The new “2022 State of Supply Chain Disruption Report” shows the rising cost of ingredients is pushing CPGs to modify recipes or create new formulas altogether. In terms of the impact on innovation, respondents were nearly evenly split between CPGs continuing to innovate and those making R&D cutbacks. Lessons learned for the future include greater supplier diversity and enlisting contract manufacturers to protect against future supply chain disruption.

The survey is based on responses from more than 300 food and beverage brands. It demonstrates the impact that macroeconomic conditions like ingredient availability and the pandemic have had on innovation, product formulation, and the trickle-down effect on consumer prices and availability.

“As consumers, we feel the pain of supply chain issues each time we walk out of a grocery store,” TraceGains CEO Gary Nowacki said. “This survey sheds light on the problem directly from a CPG brand’s perspective, and lets other food and beverage companies know they’re not alone in this fight. Forward-thinking brands have used this unfortunate time as a wake-up call to modernize antiquated operations and those who already have are much better positioned to mitigate disruptions with as little impact as possible.”

Price of doing business

What is the one thing impacting almost every CPG business? Higher ingredient prices.

New product development and recipe modifications have been instrumental at compensating for this as well as ingredient shortages like sunflower oil, wheat, and stevia.

● Nearly 90% of survey respondents admitted that higher prices have shaped the way they’re doing business today. Thirty-seven percent of CPGs acknowledged modifying more than 20 recipes or product formulas, while another 25% modified between six and 20.

● Roughly two-thirds (65%) were forced to raise prices in the last two years.

● Nearly 50% completely halted production on some products, and another 46% confessed they have not been able to keep up with consumer demand.

Speed to innovation

In the last 24 months, supply chain disruptions have rapidly escalated due to the lingering COVID-19 pandemic and the ongoing conflict in Eastern Europe, both of which have had a huge effect on CPG goods production. And while 35% of organizations conceded to R&D cutbacks, nearly as many (36%) insisted that they’ve accelerated innovation, which underscores the stark difference in how some companies have coped during these challenging times.

Future of supply chains

As CPG brand leaders prepare for what’s next, increasing supplier diversity is the most important strategic shift followed by leveraging contract manufacturers, or third-party manufacturers that make certain components or products over a specified period of time.

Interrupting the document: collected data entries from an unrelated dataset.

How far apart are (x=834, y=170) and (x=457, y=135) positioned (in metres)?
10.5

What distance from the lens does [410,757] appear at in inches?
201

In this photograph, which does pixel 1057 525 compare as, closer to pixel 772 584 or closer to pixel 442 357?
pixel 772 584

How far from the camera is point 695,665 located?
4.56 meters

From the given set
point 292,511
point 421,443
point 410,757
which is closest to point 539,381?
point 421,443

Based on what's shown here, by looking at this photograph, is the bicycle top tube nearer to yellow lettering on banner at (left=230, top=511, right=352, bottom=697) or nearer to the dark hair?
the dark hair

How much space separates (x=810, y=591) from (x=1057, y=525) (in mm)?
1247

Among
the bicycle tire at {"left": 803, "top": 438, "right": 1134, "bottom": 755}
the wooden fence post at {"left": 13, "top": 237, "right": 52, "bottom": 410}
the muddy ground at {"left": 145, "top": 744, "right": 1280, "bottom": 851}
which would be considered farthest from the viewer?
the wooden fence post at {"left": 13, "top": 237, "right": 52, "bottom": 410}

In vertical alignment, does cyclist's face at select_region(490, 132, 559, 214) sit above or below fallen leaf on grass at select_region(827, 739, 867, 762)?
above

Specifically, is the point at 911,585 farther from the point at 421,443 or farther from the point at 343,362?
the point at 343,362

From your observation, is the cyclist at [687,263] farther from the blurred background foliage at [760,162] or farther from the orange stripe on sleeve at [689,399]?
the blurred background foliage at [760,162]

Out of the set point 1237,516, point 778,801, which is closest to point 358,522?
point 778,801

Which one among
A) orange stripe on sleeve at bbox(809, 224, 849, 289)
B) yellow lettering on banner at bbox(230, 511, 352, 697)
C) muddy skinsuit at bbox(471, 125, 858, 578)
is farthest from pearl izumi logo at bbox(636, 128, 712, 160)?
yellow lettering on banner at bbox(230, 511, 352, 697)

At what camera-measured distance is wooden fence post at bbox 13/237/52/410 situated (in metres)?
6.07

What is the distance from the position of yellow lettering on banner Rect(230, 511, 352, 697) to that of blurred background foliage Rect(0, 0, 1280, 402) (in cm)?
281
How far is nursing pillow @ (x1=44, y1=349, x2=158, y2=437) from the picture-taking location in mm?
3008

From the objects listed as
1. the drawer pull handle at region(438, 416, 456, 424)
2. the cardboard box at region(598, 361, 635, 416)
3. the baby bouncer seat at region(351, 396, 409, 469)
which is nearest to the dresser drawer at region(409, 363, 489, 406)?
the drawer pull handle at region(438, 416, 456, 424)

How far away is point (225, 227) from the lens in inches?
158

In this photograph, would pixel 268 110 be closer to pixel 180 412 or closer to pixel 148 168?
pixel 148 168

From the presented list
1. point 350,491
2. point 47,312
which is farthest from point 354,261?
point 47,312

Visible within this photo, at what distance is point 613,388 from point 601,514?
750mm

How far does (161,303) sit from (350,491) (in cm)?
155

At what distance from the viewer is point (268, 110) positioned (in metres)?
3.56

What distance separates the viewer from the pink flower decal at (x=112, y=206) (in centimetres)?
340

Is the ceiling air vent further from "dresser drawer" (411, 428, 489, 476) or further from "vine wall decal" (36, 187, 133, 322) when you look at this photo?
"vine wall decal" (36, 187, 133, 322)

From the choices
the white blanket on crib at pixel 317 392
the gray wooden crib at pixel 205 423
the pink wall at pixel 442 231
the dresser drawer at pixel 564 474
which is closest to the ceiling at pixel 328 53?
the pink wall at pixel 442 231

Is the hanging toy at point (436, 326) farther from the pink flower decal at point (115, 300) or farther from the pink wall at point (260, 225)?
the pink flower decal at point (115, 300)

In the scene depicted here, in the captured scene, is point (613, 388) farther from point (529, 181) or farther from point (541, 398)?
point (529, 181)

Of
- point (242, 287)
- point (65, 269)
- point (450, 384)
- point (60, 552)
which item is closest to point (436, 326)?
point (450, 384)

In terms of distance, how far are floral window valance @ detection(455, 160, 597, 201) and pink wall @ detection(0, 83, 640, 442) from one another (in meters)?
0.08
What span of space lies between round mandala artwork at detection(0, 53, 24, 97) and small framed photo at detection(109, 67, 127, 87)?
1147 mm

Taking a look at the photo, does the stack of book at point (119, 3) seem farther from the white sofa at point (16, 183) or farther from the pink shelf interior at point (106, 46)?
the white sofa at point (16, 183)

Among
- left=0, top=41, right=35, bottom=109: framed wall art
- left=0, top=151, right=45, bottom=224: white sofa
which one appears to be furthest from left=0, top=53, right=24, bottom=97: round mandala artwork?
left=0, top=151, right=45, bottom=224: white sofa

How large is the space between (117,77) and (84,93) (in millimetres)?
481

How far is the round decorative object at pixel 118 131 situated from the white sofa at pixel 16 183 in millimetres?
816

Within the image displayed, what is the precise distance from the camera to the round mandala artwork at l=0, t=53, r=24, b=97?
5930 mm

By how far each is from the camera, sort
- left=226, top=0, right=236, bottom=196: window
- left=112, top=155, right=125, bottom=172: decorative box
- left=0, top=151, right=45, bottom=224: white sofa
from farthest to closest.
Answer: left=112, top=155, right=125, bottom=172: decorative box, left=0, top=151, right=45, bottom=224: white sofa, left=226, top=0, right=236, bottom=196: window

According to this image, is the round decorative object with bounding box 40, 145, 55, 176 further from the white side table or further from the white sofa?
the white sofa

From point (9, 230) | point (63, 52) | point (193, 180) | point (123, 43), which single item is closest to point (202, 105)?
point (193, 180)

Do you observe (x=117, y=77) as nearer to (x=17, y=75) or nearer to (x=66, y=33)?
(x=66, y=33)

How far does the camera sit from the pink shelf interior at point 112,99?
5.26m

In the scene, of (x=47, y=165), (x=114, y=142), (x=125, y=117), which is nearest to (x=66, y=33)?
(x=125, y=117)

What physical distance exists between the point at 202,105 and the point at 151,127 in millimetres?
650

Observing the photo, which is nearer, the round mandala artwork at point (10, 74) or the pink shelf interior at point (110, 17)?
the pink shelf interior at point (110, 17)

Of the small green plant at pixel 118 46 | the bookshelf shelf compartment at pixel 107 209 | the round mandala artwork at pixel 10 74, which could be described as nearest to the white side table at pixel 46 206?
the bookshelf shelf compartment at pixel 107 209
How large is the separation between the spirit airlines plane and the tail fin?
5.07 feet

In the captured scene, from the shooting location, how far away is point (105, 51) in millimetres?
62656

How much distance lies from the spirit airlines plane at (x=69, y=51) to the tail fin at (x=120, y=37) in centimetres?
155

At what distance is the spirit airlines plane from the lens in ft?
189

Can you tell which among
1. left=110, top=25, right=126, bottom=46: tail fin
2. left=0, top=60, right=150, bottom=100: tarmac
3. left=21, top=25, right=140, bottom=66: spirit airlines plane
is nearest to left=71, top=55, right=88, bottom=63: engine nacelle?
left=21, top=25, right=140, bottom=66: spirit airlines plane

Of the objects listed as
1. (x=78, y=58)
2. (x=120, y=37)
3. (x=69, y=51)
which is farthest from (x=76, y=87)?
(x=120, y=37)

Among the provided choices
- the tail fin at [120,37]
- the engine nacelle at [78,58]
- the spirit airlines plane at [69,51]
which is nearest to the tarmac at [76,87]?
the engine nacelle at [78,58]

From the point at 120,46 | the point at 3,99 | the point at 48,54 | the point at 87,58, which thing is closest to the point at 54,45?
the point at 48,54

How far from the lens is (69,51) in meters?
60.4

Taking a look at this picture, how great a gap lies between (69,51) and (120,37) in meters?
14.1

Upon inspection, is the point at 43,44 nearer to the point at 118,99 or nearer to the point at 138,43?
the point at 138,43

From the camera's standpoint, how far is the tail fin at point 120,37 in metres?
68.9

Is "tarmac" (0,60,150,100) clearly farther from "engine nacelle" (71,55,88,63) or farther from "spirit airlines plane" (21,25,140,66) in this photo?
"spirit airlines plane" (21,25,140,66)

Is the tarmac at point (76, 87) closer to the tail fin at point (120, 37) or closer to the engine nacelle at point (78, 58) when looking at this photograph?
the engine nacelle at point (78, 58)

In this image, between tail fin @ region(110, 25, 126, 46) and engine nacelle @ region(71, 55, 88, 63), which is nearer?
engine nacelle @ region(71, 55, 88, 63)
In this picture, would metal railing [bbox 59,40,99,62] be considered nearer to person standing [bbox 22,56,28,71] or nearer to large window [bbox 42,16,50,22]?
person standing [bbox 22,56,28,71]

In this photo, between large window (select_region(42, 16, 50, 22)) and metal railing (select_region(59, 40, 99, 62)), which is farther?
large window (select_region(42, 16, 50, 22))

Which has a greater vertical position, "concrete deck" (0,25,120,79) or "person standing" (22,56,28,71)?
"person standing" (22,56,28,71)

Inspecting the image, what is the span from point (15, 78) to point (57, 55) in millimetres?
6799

● More than two-thirds (69%) of respondents plan to expand their supplier networks in the next 24 months.

● A quarter will reshore their supply base to deal with continued instability, and 41% will change or eliminate product offerings altogether.

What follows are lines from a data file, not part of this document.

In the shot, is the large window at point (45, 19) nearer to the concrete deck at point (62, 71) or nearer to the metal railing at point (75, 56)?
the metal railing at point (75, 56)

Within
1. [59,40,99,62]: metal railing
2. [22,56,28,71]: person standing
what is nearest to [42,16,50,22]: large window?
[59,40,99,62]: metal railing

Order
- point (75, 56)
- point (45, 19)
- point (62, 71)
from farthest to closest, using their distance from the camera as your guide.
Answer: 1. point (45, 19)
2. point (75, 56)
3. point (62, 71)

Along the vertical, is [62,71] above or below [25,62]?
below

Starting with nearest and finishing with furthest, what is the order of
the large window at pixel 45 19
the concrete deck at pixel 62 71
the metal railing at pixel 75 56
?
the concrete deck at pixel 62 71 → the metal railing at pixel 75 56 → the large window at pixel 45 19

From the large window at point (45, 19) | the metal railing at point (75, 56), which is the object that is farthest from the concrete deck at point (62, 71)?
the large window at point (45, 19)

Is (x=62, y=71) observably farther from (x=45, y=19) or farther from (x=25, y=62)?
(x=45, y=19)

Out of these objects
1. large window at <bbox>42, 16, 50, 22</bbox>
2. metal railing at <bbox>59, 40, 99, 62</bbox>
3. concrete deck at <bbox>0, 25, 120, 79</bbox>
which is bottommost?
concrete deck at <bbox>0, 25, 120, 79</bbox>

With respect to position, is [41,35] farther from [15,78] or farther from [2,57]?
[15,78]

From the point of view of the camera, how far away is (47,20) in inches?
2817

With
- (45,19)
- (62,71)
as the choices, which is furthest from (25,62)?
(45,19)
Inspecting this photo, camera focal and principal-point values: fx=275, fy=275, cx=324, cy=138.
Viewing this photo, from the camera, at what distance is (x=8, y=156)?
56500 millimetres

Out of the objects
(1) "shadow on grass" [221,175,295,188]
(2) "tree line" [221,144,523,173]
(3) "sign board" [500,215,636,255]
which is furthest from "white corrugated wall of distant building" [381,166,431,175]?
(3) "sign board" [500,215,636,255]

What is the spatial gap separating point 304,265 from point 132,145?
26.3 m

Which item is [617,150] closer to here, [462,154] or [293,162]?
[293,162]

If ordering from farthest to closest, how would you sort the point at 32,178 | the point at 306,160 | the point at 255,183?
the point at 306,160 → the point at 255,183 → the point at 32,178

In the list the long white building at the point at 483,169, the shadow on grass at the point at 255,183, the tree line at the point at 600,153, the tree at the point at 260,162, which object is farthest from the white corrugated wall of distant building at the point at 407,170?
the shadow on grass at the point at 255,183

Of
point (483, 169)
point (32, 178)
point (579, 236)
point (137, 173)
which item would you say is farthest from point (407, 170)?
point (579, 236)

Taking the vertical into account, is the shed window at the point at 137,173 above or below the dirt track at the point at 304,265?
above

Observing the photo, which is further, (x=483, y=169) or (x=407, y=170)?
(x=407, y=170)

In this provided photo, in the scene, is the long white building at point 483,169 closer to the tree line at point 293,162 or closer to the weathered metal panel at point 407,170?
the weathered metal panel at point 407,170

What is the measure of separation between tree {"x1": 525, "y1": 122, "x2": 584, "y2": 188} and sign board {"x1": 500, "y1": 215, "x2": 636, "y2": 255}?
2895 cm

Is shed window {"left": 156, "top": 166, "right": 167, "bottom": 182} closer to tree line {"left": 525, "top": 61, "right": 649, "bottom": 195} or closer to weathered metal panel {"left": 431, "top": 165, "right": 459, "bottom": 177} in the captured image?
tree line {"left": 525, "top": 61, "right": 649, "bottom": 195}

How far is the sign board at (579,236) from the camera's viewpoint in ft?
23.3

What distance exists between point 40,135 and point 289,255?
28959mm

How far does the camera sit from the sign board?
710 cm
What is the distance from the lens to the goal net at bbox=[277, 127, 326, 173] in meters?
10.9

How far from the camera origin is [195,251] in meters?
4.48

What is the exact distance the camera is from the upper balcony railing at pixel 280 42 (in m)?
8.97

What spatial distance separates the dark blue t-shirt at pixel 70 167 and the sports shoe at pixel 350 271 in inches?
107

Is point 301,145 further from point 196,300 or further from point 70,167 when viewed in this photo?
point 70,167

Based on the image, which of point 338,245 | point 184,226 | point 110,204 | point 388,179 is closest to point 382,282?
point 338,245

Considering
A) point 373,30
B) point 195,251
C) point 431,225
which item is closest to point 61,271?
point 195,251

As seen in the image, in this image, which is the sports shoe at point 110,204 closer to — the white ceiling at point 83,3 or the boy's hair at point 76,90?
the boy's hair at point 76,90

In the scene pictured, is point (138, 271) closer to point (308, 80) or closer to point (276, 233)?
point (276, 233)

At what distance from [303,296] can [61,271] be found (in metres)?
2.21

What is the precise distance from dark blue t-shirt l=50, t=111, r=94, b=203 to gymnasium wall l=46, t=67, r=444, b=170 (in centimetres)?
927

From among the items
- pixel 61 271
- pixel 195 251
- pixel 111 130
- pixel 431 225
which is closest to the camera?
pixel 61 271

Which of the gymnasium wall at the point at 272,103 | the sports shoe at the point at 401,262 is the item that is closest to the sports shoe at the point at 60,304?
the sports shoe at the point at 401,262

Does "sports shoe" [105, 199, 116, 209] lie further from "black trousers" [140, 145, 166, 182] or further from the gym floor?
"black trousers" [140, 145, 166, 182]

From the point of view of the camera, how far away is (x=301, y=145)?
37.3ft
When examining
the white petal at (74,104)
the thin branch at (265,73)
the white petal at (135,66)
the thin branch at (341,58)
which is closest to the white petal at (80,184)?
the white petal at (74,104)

● Nearly half (49%) of TraceGains’ customer base already works with contract manufacturers, with 70% of that group using 10 contractors or more.

Over the last 15 years, TraceGains has designed its Networked Ingredients Marketplace to be the one source of truth that enables global brands to gain speed and control over compliance and product development. Today, brands collaborate on 425,000 ingredients from more than 55,000 supply chain locations, creating greater agility, resilience, and sustainability that masters the modern supply chain.